Maatschappelijk debat
Door Marsha Mormon en Bas Spek gingen medewerkers van het museum met andere ogen naar het diorama kijken. Ook het maatschappelijke debat over het slavernijverleden zorgde ervoor dat het diorama weer meer op de voorgrond kwam in de collectie. Het diorama vertegenwoordigt een belangrijke waarde als kunstobject en als historisch document. Aan de hand van het diorama kan de koloniale geschiedenis en het slavernijverleden onderzocht en verteld worden. Dit is een gedeelde geschiedenis die op verschillende manieren en op meer continenten doorwerkt in het heden. Machtsverhoudingen en denkbeelden van toen zijn vormend geweest voor de situatie van nu. Zo is in het verleden de basis gelegd voor de ongelijke verdeling van sociale en economische kansen. De laatste jaren groeit het besef dat dit door vele generaties heen heeft geleid tot een samenleving die niet voor iedereen even rechtvaardig is, en waar huidskleur en afkomst nog altijd bepalend zijn voor de mogelijkheden die iemand krijgt. Ook in de manier waarop mensen uit verschillende delen van de wereld naar elkaar kijken en over elkaar denken, werkt het koloniale denken nog altijd door. Gekoloniseerde gebieden werden bewust gepresenteerd als onontwikkeld. Europese landen beweerden dat ze er beschaving kwamen brengen, terwijl ze de gebieden in feite innamen. Dit gedachtegoed klinkt door in objecten en bronnen die bewaard zijn gebleven en de verhalen die er eeuwenlang bij verteld zijn. Zo lag de nadruk meestal maar op één kant van het verhaal, die van de onderdrukker. Tot voor kort was er weinig ruimte voor andere perspectieven op de koloniale tijd en de slavernij, ook in musea. Om dit te veranderen, is kennis van het koloniale verleden en daarmee begrip voor de verhoudingen in het heden van cruciaal belang.
Nieuw onderzoek
De geschiedenis van het diorama wordt opnieuw onderzocht om meer inzicht te krijgen in de complexe en beladen geschiedenis van Suriname en Nederland.
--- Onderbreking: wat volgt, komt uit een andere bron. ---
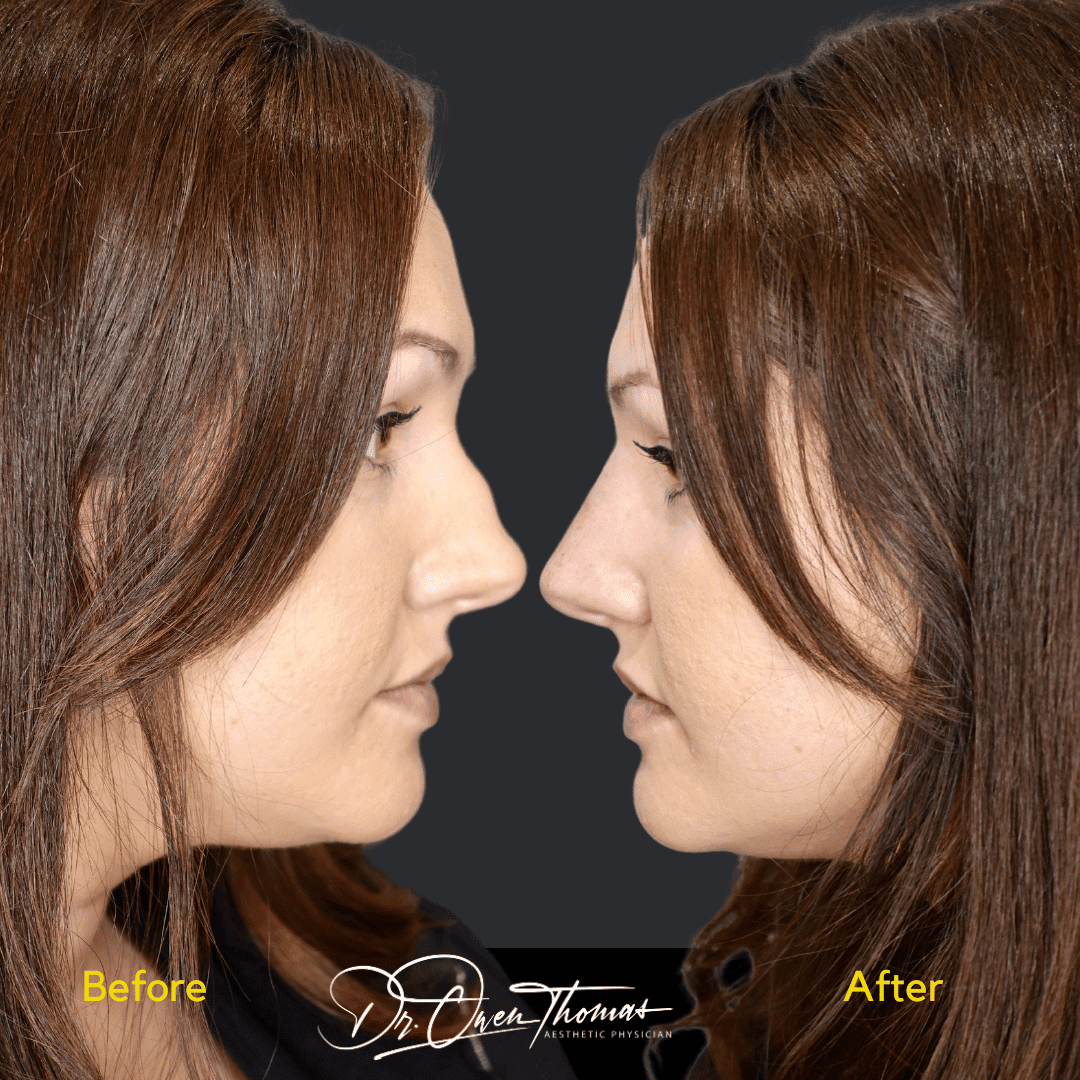 Non-surgical rhinoplasty case done by Dr Owen Thomas in London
Daarbij kijkt het projectteam van Valkhof Museum niet alleen de achtergronden van de kijkkast zelf, maar ook van de plantage aan de Warappakreek. Er wordt onder andere onderzoek gedaan naar hoe het dagelijks leven daar was. Ook zullen zij aandacht besteden aan de rol die inwoners van Gelderland gespeeld hebben in het koloniale verleden. Ook bestudeert het museum of er in de collectie nog meer objecten voorkomen die gerelateerd zijn aan die geschiedenis. En bovenal zoekt het team naar persoonlijke verhalen van mensen die met het diorama verbonden zijn.
Het diorama van plantage Kerkshoven is in 2023 gerestaureerd door Marieke Kraan en Bernadette van Beek. In overleg met Marsha Mormon en Bas Spek is besloten dat voor het Museum Bakkie een replica van de kijkkast wordt gemaakt. Op die manier kan het verhaal over plantage Kerkshoven op twee plekken aan de hand van een diorama worden verteld: in Nijmegen en op Bakkie. De komende jaren gaat het projectteam zowel in Suriname als in Nederland op zoek naar verhalen die bij het diorama horen.